Read SCCs, Defaults, and Allowed Ranges before working with supplemental groups.

It is generally preferable to use group IDs (supplemental or fsGroup) to gain access to persistent storage versus using user IDs.

Supplemental groups are regular Linux groups. When a process runs in Linux, it has a UID, a GID, and one or more supplemental groups. These attributes can be set for a container’s main process. The supplementalGroups IDs are typically used for controlling access to shared storage, such as NFS and GlusterFS, whereas fsGroup is used for controlling access to block storage, such as Ceph RBD and iSCSI.
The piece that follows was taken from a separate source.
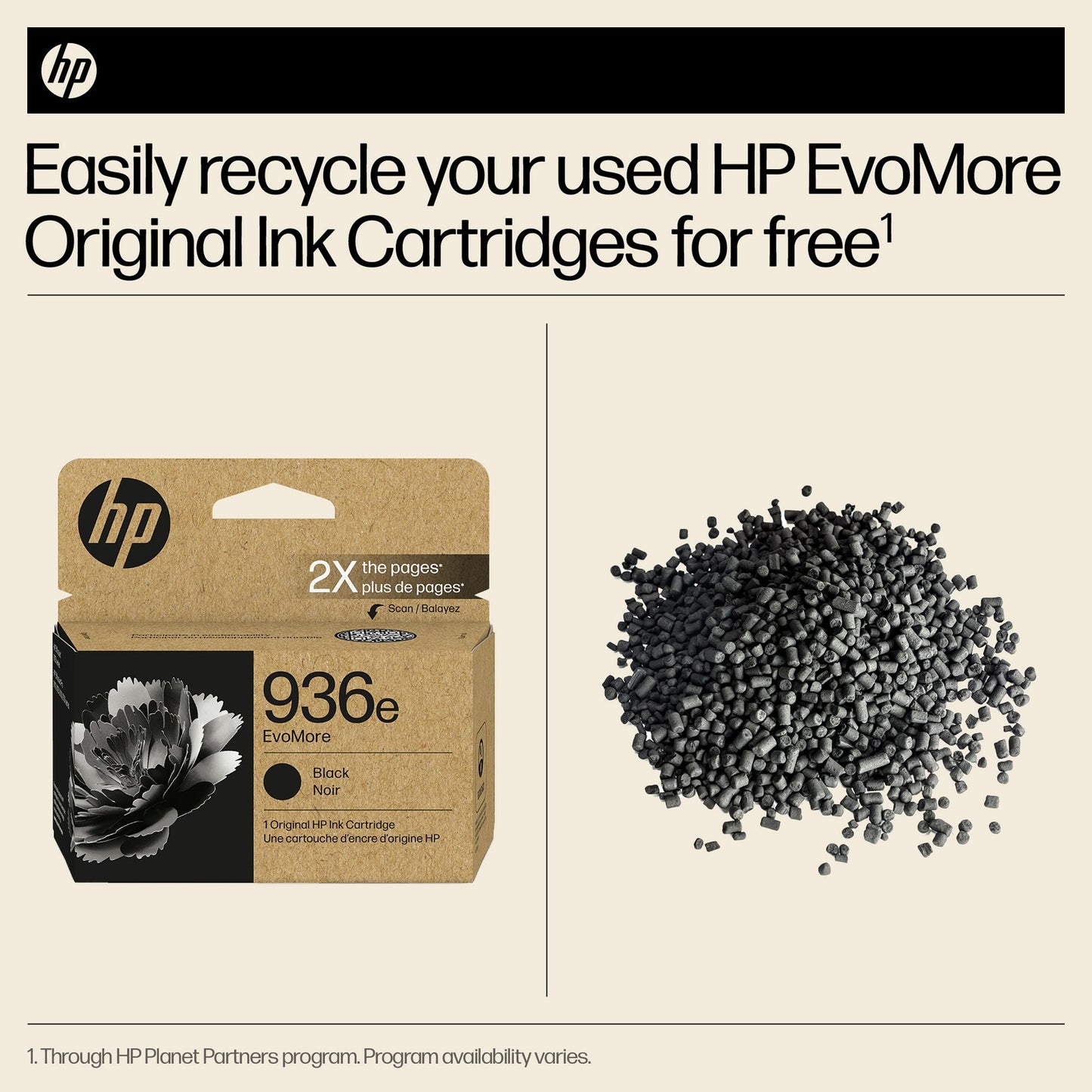 HP 936e EvoMore Black Original Ink Cartridge, 2,500 pages, 4S6V6LN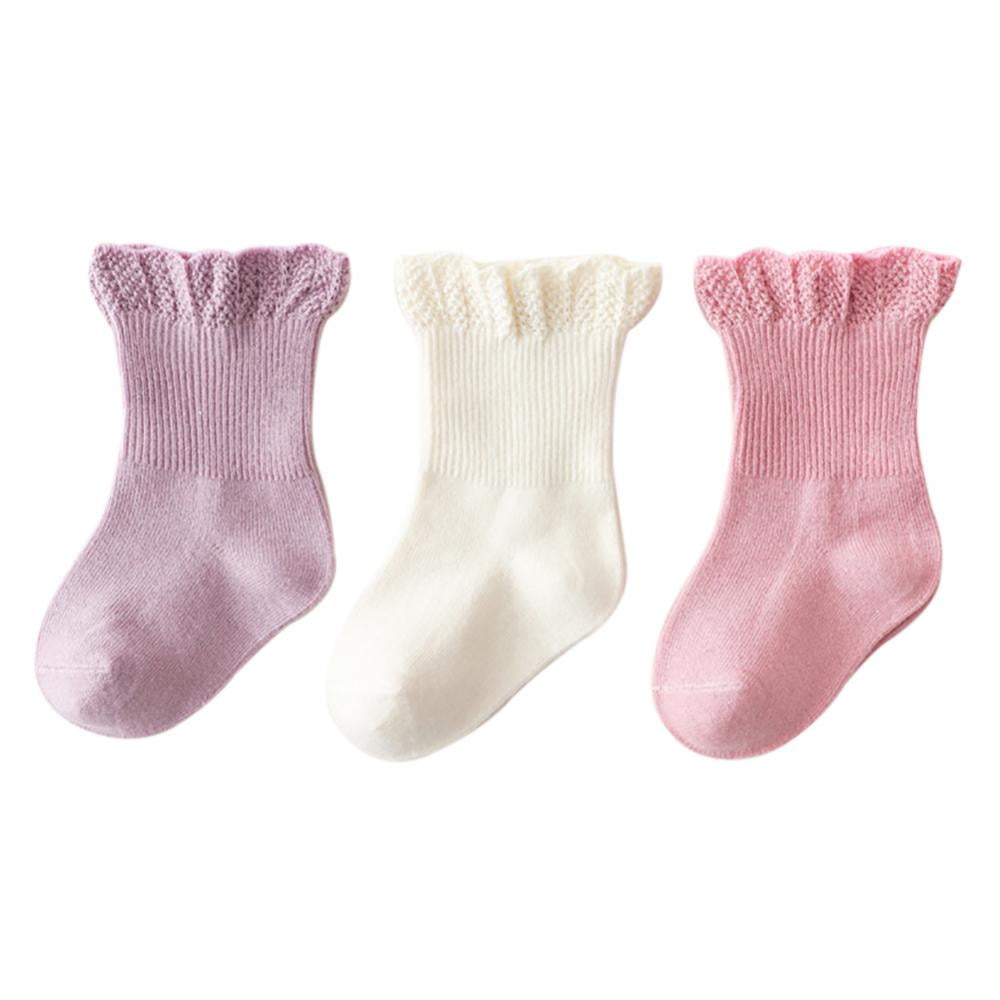 Baby & Girls Socks Soft Breathable Cotton Rich Cute Frilly Lace In 3 & 6 Bundle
The OKD shared storage plug-ins mount volumes such that the POSIX permissions on the mount match the permissions on the target storage. For example, if the target storage’s owner ID is 1234 and its group ID is 5678, then the mount on the host node and in the container will have those same IDs. Therefore, the container’s main process must match one or both of those IDs in order to access the volume.

For example, consider the following NFS export.

On an OKD node:

showmount requires access to the ports used by rpcbind and rpc.mount on the NFS server

  1. # showmount -e <nfs-server-ip-or-hostname>
  2. Export list for f21-nfs.vm:
  3. /opt/nfs *

On the NFS server:

  1. # cat /etc/exports
  2. /opt/nfs *(rw,sync,root_squash)
  3. ...
  4. # ls -lZ /opt/nfs -d
  5. drwx------. 1000100001 5555 unconfined_u:object_r:usr_t:s0 /opt/nfs

The /opt/nfs/ export is accessible by UID 1000100001 and the group 5555. In general, containers should not run as root. So, in this NFS example, containers which are not run as UID 1000100001 and are not members the group 5555 will not have access to the NFS export.

Often, the SCC matching the pod does not allow a specific user ID to be specified, thus using supplemental groups is a more flexible way to grant storage access to a pod. For example, to grant NFS access to the export above, the group 5555 can be defined in the pod definition:

  1. apiVersion: v1
  2. kind: Pod
  3. ...
  4. spec:
  5. containers:
  6. - name: ...
  7. volumeMounts:
  8. - name: nfs (1)
  9. mountPath: /usr/share/... (2)
  10. securityContext: (3)
  11. supplementalGroups: [5555] (4)
  12. volumes:
  13. - name: nfs (5)
  14. nfs:
  15. server: <nfs_server_ip_or_host>
  16. path: /opt/nfs (6)
1Name of the volume mount. Must match the name in the volumes section.
2NFS export path as seen in the container.
3Pod global security context. Applies to all containers inside the pod. Each container can also define its securityContext, however group IDs are global to the pod and cannot be defined for individual containers.
4Supplemental groups, which is an array of IDs, is set to 5555. This grants group access to the export.
5Name of the volume. Must match the name in the volumeMounts section.
6Actual NFS export path on the NFS server.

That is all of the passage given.